START Given records
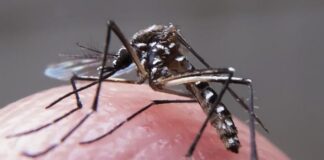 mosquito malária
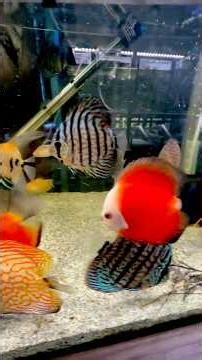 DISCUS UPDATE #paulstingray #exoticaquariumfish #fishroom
END Given records
START Given records
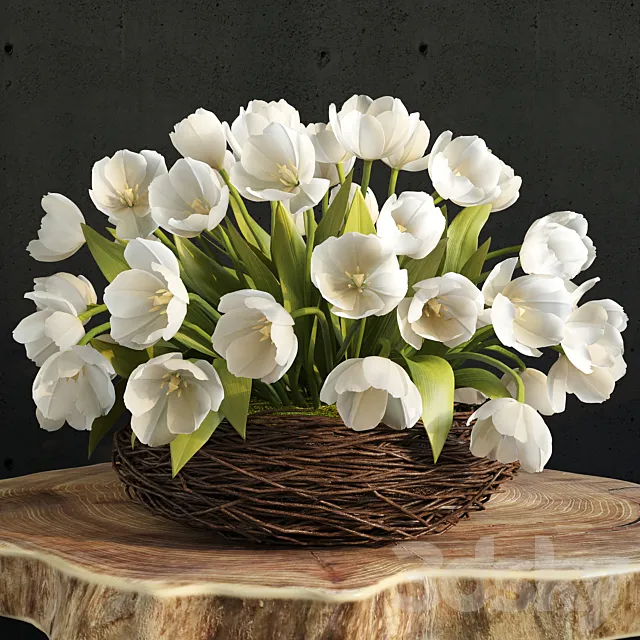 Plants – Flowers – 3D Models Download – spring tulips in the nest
END Given records
START Given records
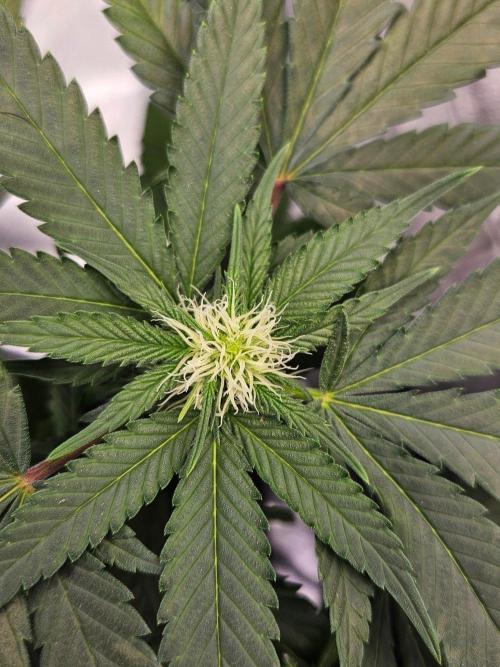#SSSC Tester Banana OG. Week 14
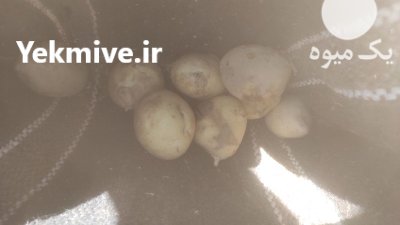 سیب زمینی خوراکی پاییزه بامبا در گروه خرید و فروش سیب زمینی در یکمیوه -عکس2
END Given records
| Task prompt |
Beginning at the line above that contains "#SSSC Tester Banana OG. Week 14", repeat each line exactly through the one that contains "سیب زمینی خوراکی", and leave out the pictures.

| Exercise solution |
#SSSC Tester Banana OG. Week 14
 سیب زمینی خوراکی پاییزه بامبا در گروه خرید و فروش سیب زمینی در یکمیوه -عکس2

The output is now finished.